* Task to complete
Return all the data exactly, keeping the pictures out.

* Information shown
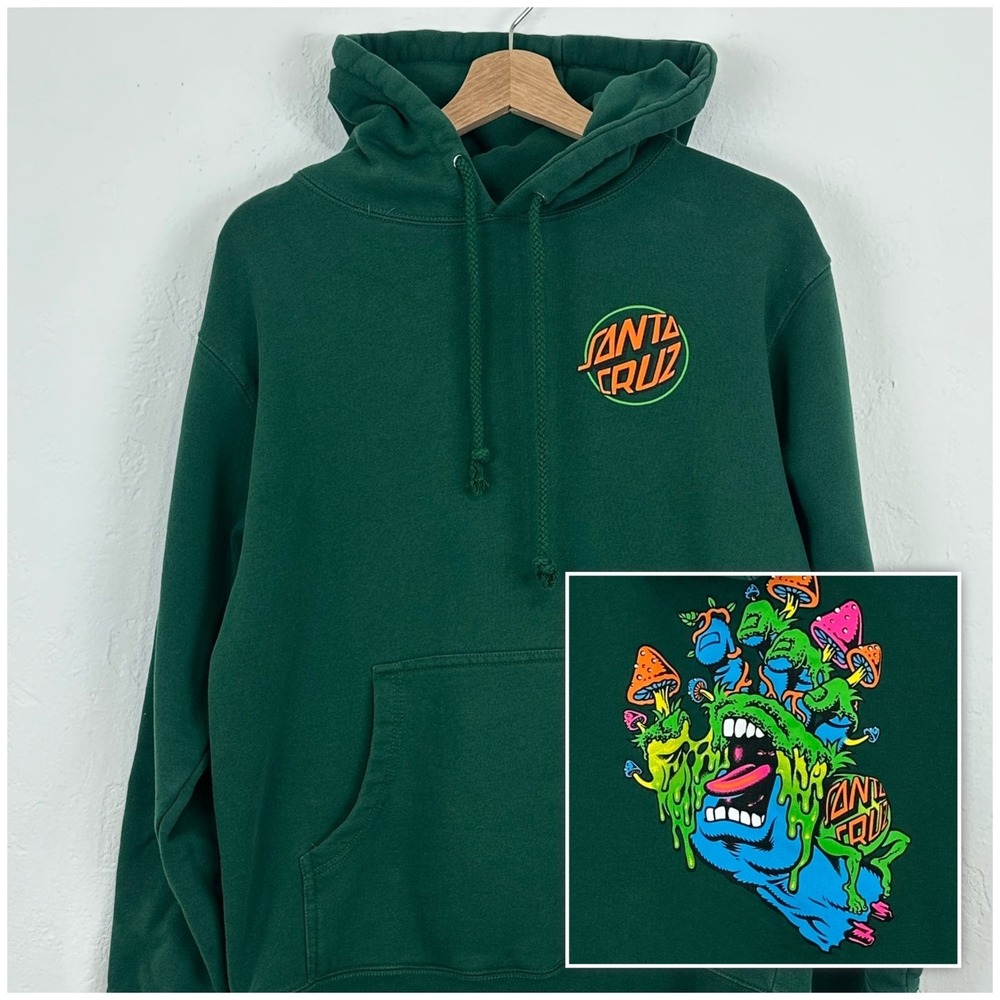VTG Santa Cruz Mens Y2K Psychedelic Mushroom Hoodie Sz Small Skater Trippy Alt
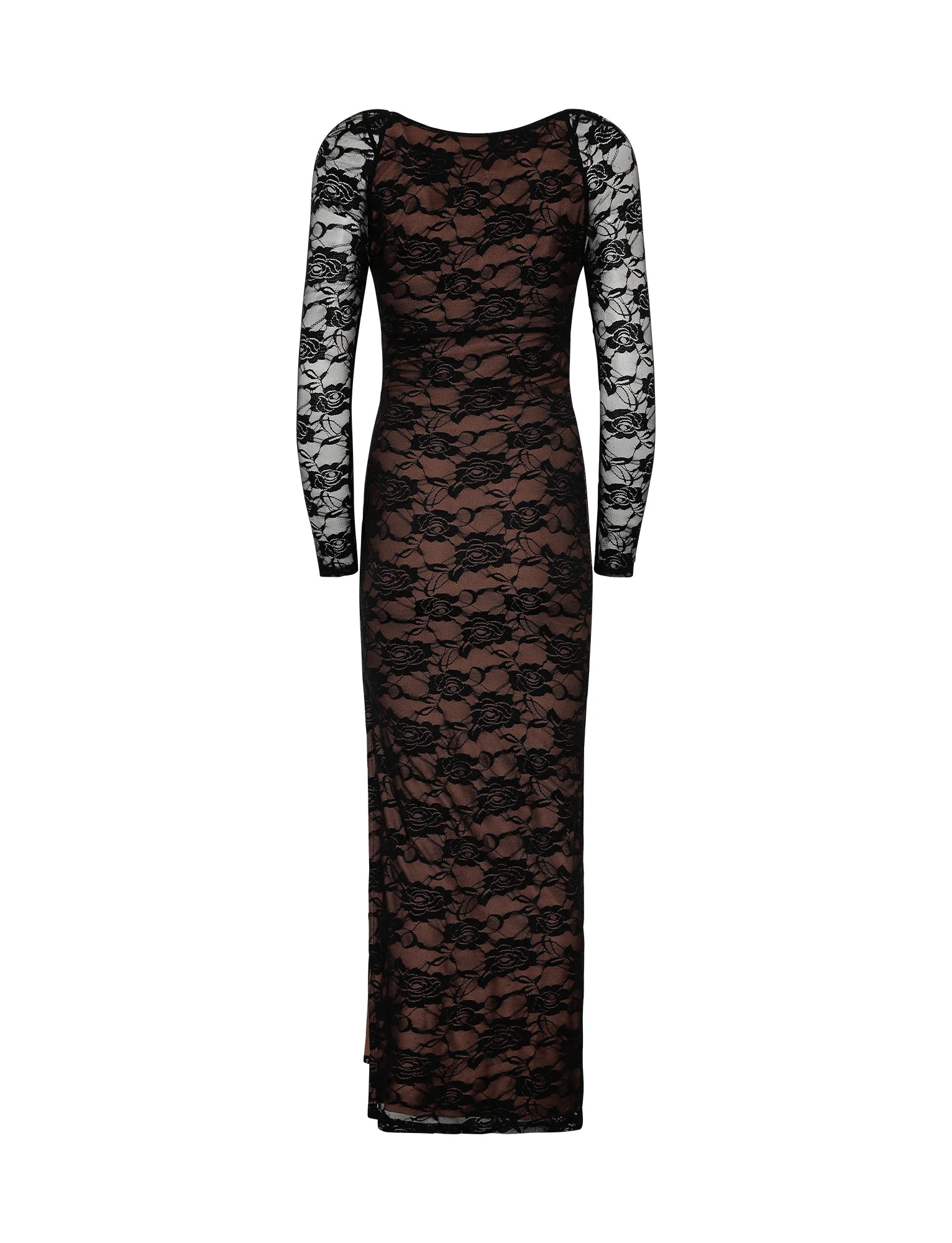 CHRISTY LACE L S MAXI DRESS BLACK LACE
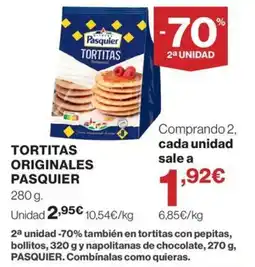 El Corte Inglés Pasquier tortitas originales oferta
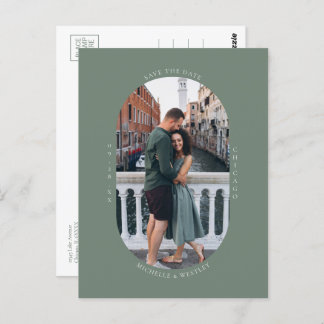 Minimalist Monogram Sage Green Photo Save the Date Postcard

* Task response
VTG Santa Cruz Mens Y2K Psychedelic Mushroom Hoodie Sz Small Skater Trippy Alt
 CHRISTY LACE L S MAXI DRESS BLACK LACE
 El Corte Inglés Pasquier tortitas originales oferta
 Minimalist Monogram Sage Green Photo Save the Date Postcard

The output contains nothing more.